> _Work required_:
With the pictures left out, transcribe exactly the lines from the one with "2776 Ellingson Way, San" through the end of the data.

====== Exercise input

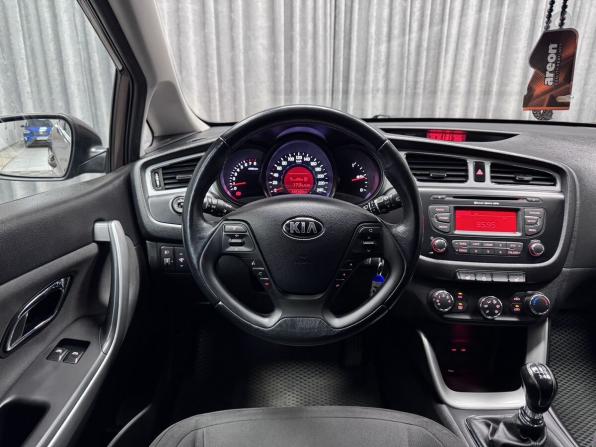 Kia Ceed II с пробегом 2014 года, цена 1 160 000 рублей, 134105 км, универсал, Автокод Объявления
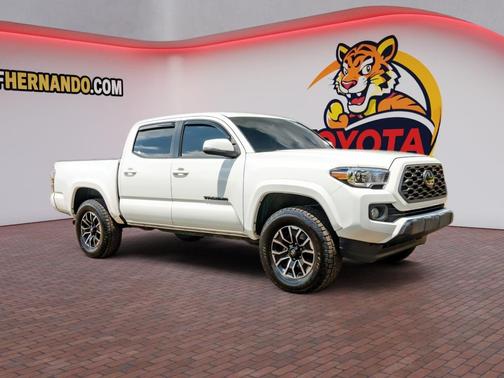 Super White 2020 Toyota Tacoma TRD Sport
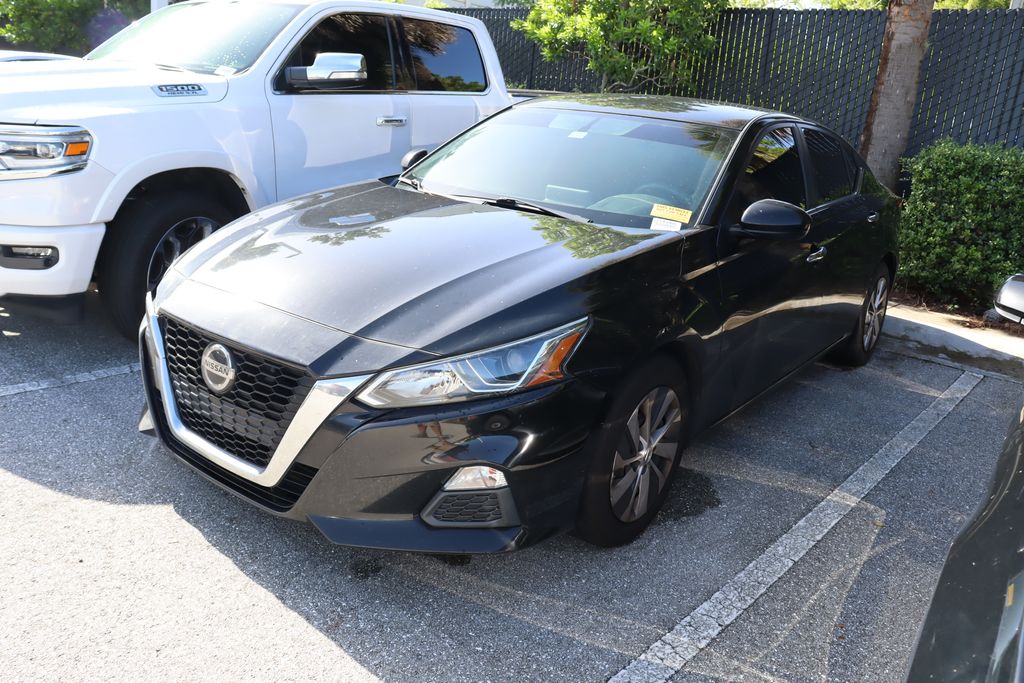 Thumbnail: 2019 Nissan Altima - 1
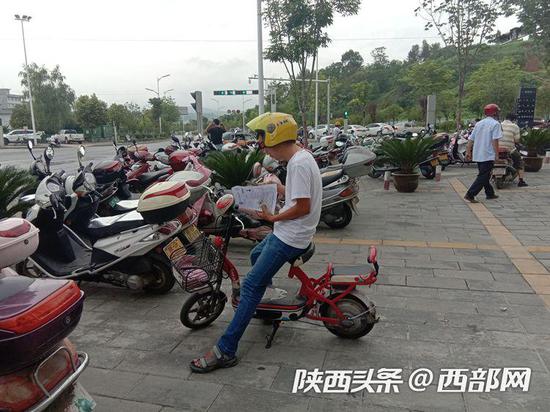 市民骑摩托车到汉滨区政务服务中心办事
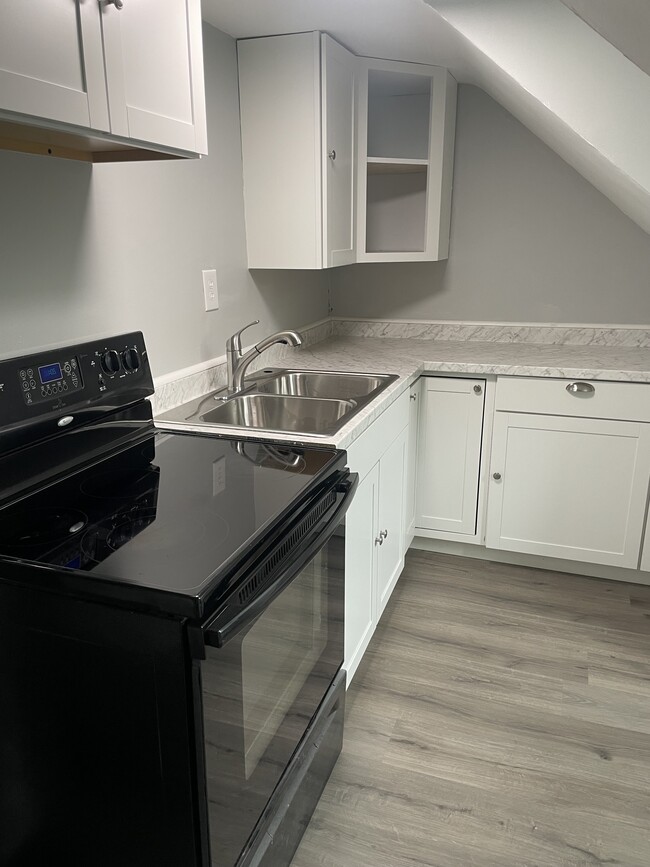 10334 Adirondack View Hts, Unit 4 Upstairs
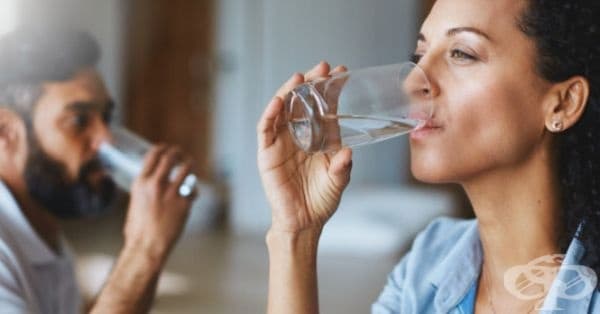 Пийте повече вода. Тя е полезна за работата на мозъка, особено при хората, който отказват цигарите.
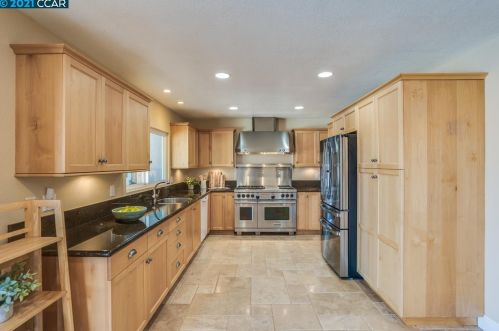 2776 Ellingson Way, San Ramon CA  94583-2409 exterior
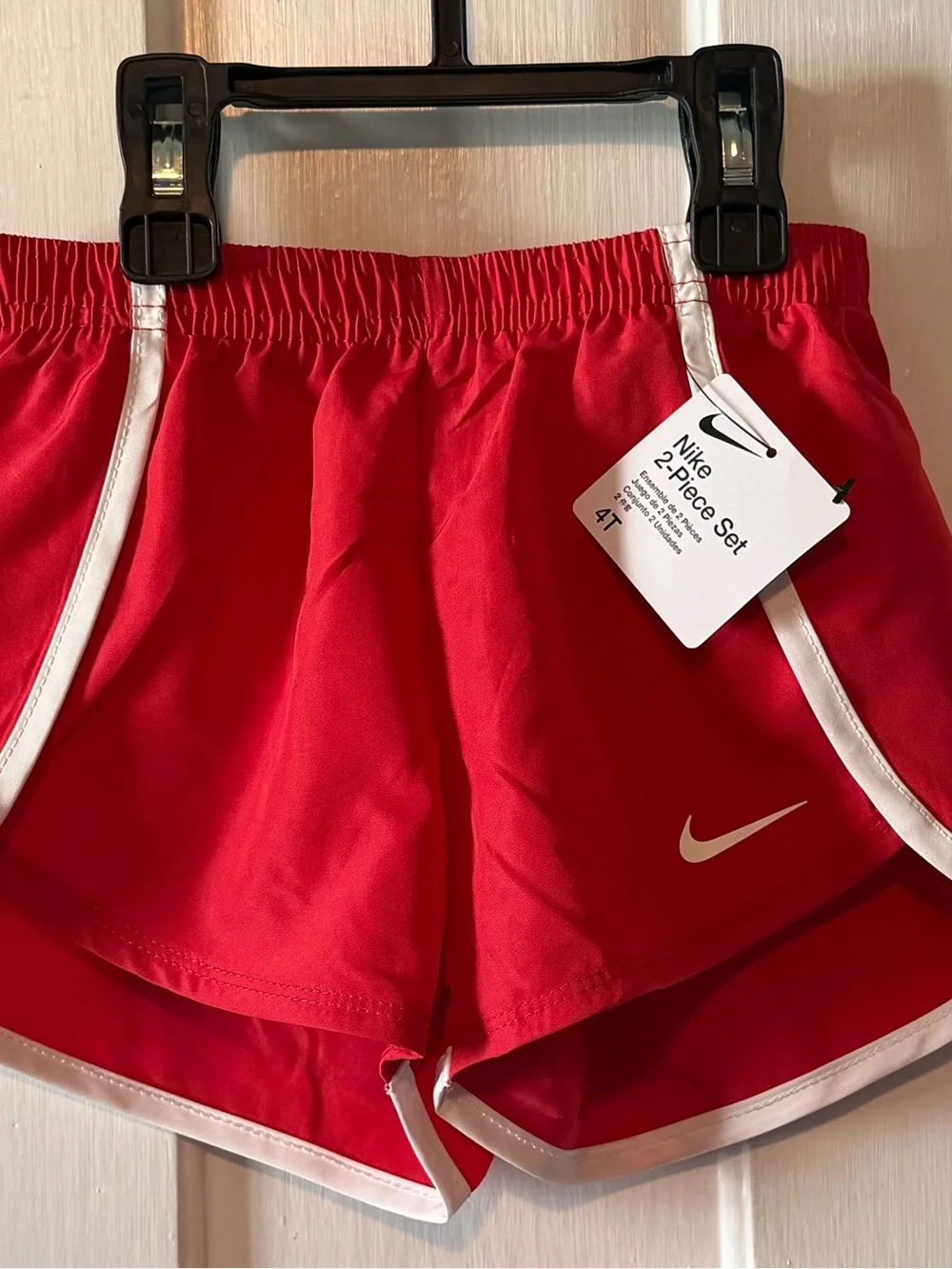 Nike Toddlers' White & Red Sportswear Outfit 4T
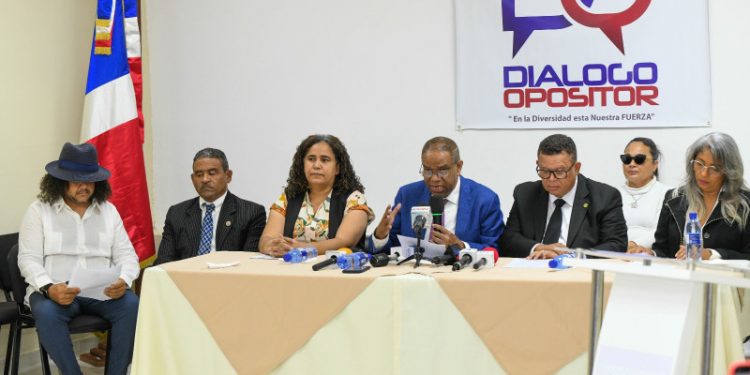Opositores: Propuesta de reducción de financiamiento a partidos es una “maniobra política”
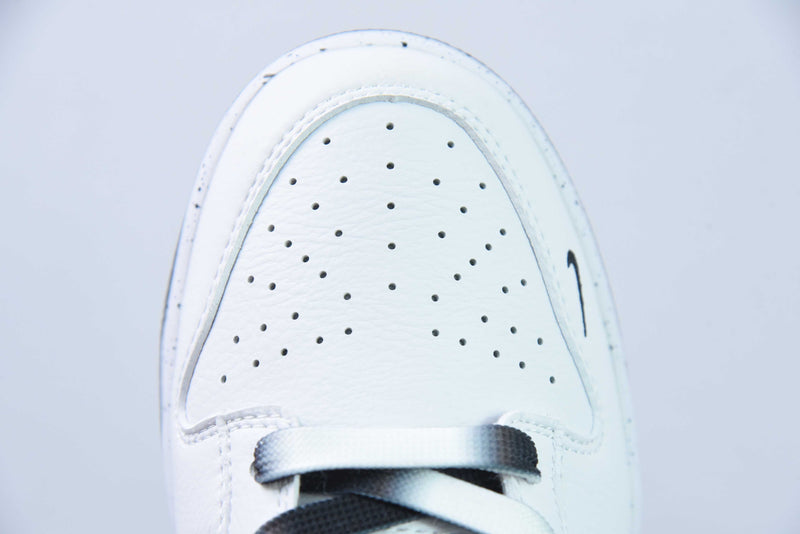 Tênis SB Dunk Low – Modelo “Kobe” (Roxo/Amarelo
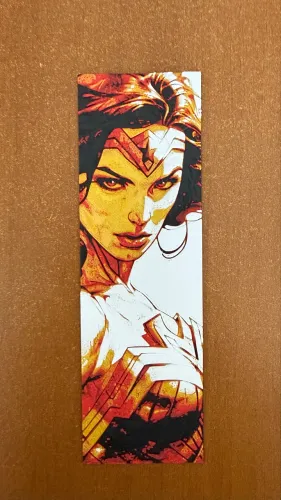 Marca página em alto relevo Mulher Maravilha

============

> _Written response_:
 2776 Ellingson Way, San Ramon CA  94583-2409 exterior
 Nike Toddlers' White & Red Sportswear Outfit 4T
Opositores: Propuesta de reducción de financiamiento a partidos es una “maniobra política”
 Tênis SB Dunk Low – Modelo “Kobe” (Roxo/Amarelo
 Marca página em alto relevo Mulher Maravilha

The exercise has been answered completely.